Vous avez forcément croisé ce genre de types au cours de votre vie. Dès le collège ou le lycée, alors que vous aviez du mal à vous forger une identité ferme et distincte, vous enviiez ce type qui semblait se foutre de tout et évoluer dans un univers parallèle (que vous pressentiez d'autant plus fascinant et déterminant qu'il vous semblait inaccessible et indéfinissable). Systématiquement ciblé par les professeurs, le type en question décrochait la moyenne systématiquement, semblait-t-il sans effort, sans pour autant se classer parmi les premiers de, la classe. Dans le domaine sportif, le type dédaignait les démonstrations de force mais se plaisait à se placer gagnant dans les courses d'endurance.
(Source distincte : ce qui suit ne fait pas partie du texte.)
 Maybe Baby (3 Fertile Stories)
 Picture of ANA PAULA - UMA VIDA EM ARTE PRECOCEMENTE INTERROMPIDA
Il plaisait aux filles mais n'aimait pas la vulgarité criante de certaines d'entre elles. Lui-même adoptait une attitude distanciée, du type macho allégée. Il tenait l'alcool mieux que quiconque et fumait bien autre chose que du tabac, là où vous en étiez encore à sniffer de l'éther. Le type n'était ni le plus doué, ni le plus populaire, ni le plus athlétique... il était juste le plus COOL ! L'incarnation de ce type, c'est Brant BJORK. En tant que batteur et compositeur, il participa pleinement à la définition du Stoner Rock au sein de KYUSS, avant de rejoindre un autre combo marquant de ce genre alors bredouillant, FU MANCHU.

Tout à fait apte à s'assumer lui-même, le bonhomme a opté pour une carrière solo à partir de la fin des années 90. En compagnie de différents complices, notre homme, repositionné à la guitare et au chant, a ponctué les deux premières décennies du 21ème siècle d'albums savoureux, pas forcément tous aisément accessibles, mais tous redevables musicalement à la période 1967-1975. Il n'en va pas différemment de ce splendide Mankind Woman qui, à l'instar de son prédécesseur direct Tao Of The Devil (chronique ici : cliquez ici), creuse le sillon fertile d'un Rock certes électrique mais avant tout porté sur le groove et le feeling.

La batterie tissant une assise féline et souple, la basse peut se permettre de développer un son à la fois épais et sensuel ; à ce niveau de complémentarité, on peut sans fausse pudeur risquer une référence au mythique tandem Carmine APPICE-Tim BOGERT qui s'illustra au sein de VANILLA FUDGE, CACTUS, puis de BBA en compagnie de Jeff BECK. Les plans rythmiques ne visent pas à l'épaisseur asphyxiante, mais ils combinent merveilleusement une densité granuleuse et un swing purement sexy.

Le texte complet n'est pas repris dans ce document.